From Jim Amrhein, in today's "Whiskey & Gunpowder" (
http://www.whiskeyandgunpowder.com):
"Like it or not, wild animals are a crop to governments. And in those 20 or so African nations that allow safari hunting, wildlife is so valuable as a source of foreign cash (estimates put this number at as much as $100 million or more annually) that it becomes worth regulating and protecting from the real danger: Poachers that slaughter for skins, ivory or horns they sell on the black market for a fraction of their value to a trophy hunter — and farmers that kill the rarest of wild cats for snatching the occasional $5 goat or cow, or the most threatened of rhinos and elephants for rutting up the odd sorghum field…
In Botswana, elephant populations are growing at a rate of 5% per year, and have been ever since hunting them was re-opened in 1996, when the population was around 80,000. By 2003, there were around 123,000 of them there — making Botswana the country with the world’s largest concentration of the lovable pachyderms.

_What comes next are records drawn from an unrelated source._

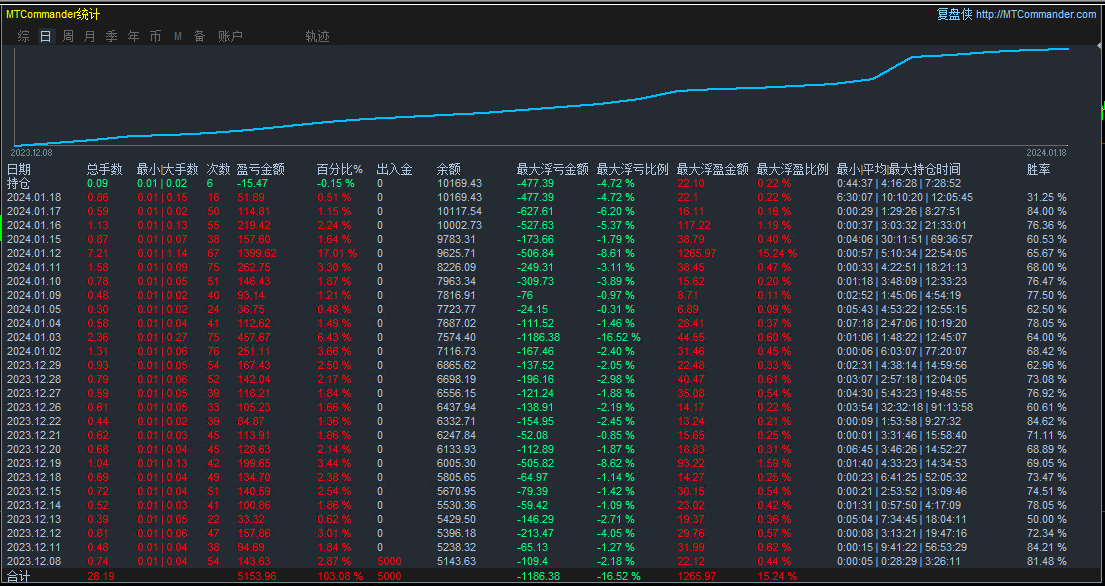 10000Starting with US dollars,7Months have doubled【SuperMartin-EA】719 / author:Remit all to me / PostsID:1720290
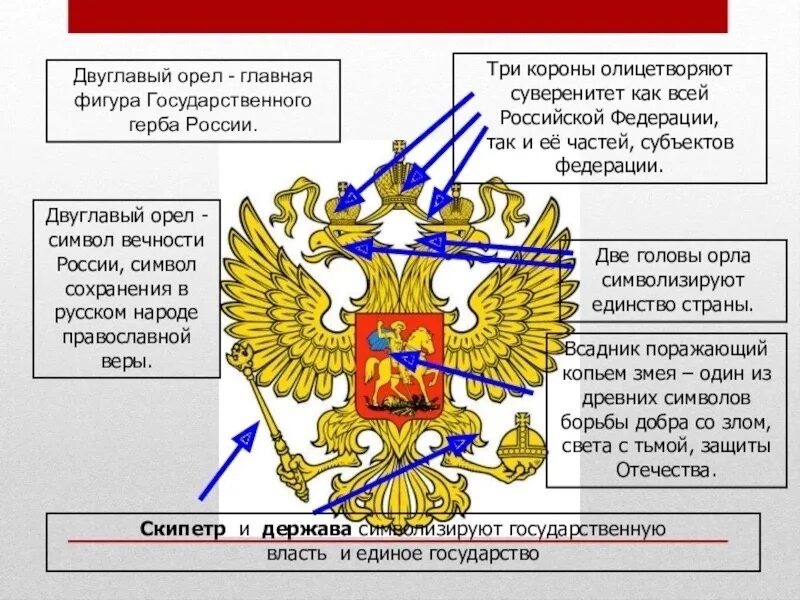 Почему именно двуглавый орел. Двуглавый Орел символ. Двуглавый Орел символ России. Двуглавый орёл герб. Государственный герб РФ описание.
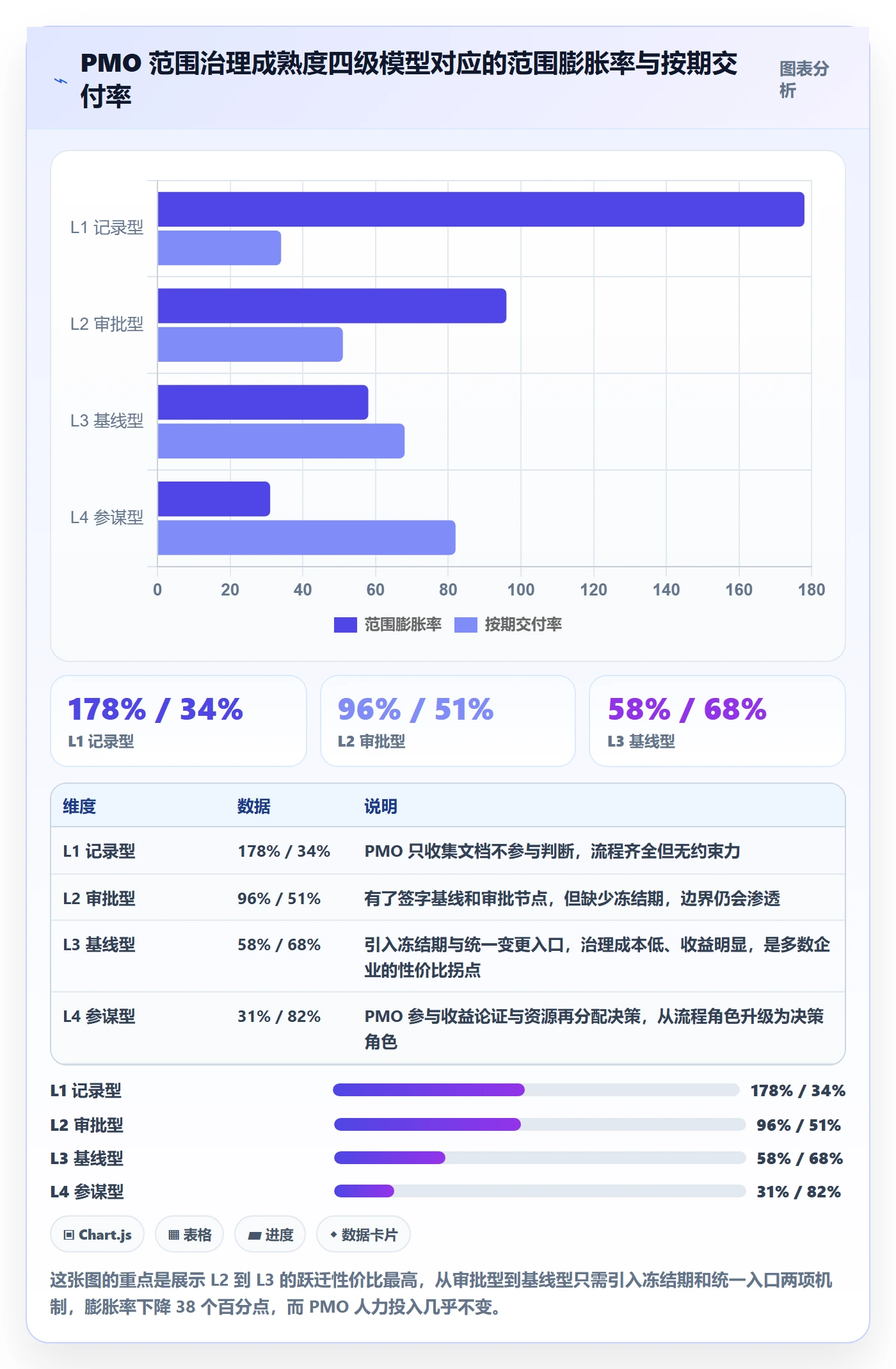 工作范围管理指南：PMO如何做好项目范围，入门指南全流程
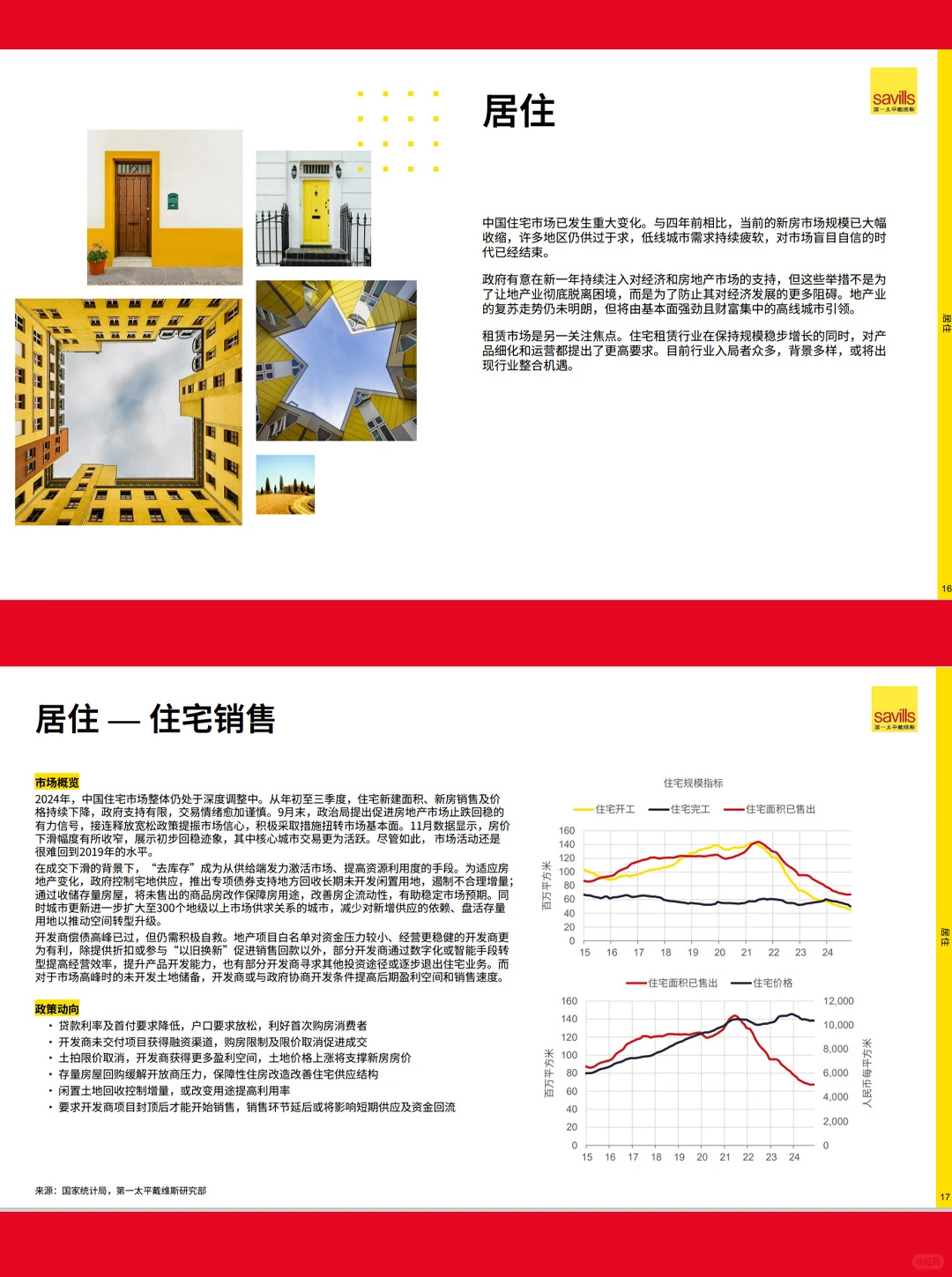 29页报告|2025年中国房地产市场展望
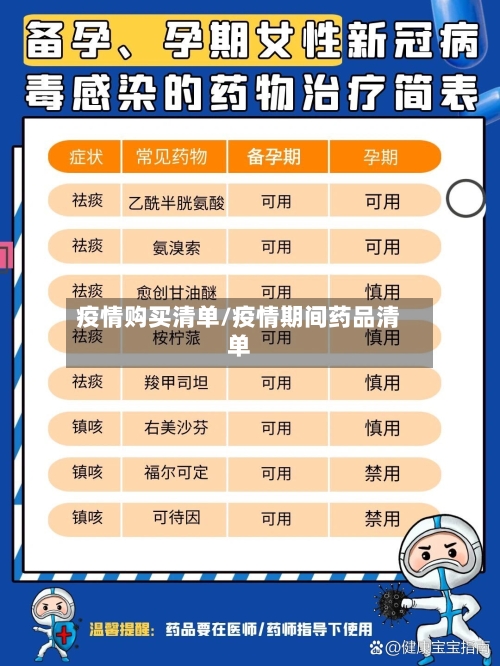 疫情购买清单/疫情期间药品清单-第3张图片
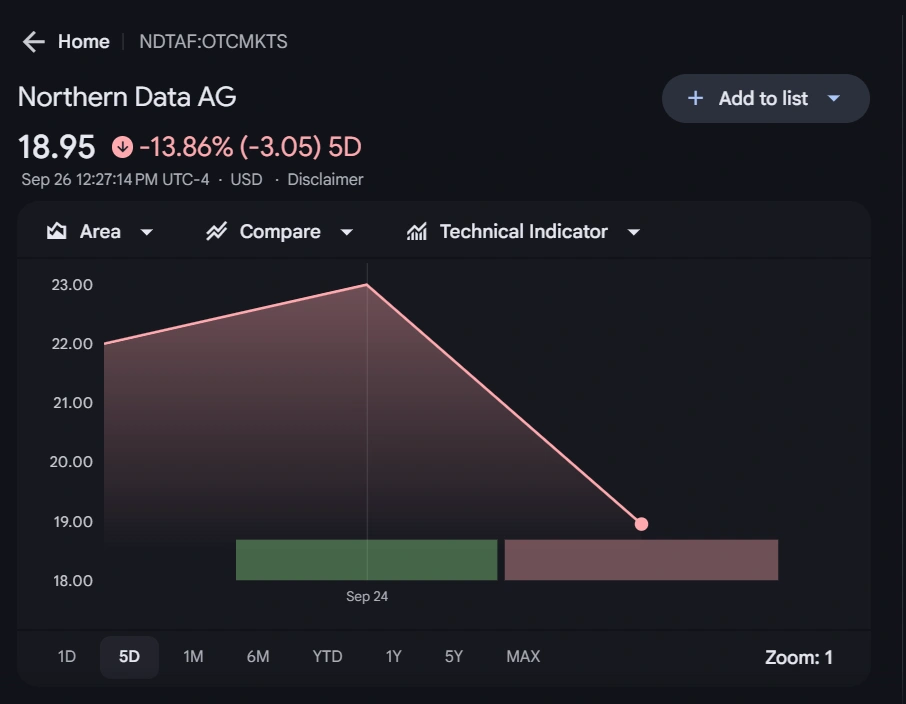 Jaksa Jerman mengonfirmasi penggeledahan di pusat data Northern Data AG yang didukung Tether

How many of them got trophy hunted that year?
Just 210. Less than two-tenths of one percent of the herd.
Translation: Because trophy elephants are so valuable to Botswana’s bottom line, it pays the government there — and the locals, via the trickle-down of hunting-related revenues — to actively prevent the snaring and poaching of them for their flesh, ivory and to stop the killing of them for destroying crops and forests, which they regularly do…
Conversely, when Kenya banned the sport hunting of elephants in the 1970s, they had a healthy population of 140,000 of them. Today, because of poaching, agri-slaughter and a lack of economic incentives to conservation (like high-dollar trophy hunting fees), there are fewer than 23,000 of them. Less than one-sixth as many. In neighboring Tanzania, where elephant hunting is once again allowed, populations have exploded, like in Botswana."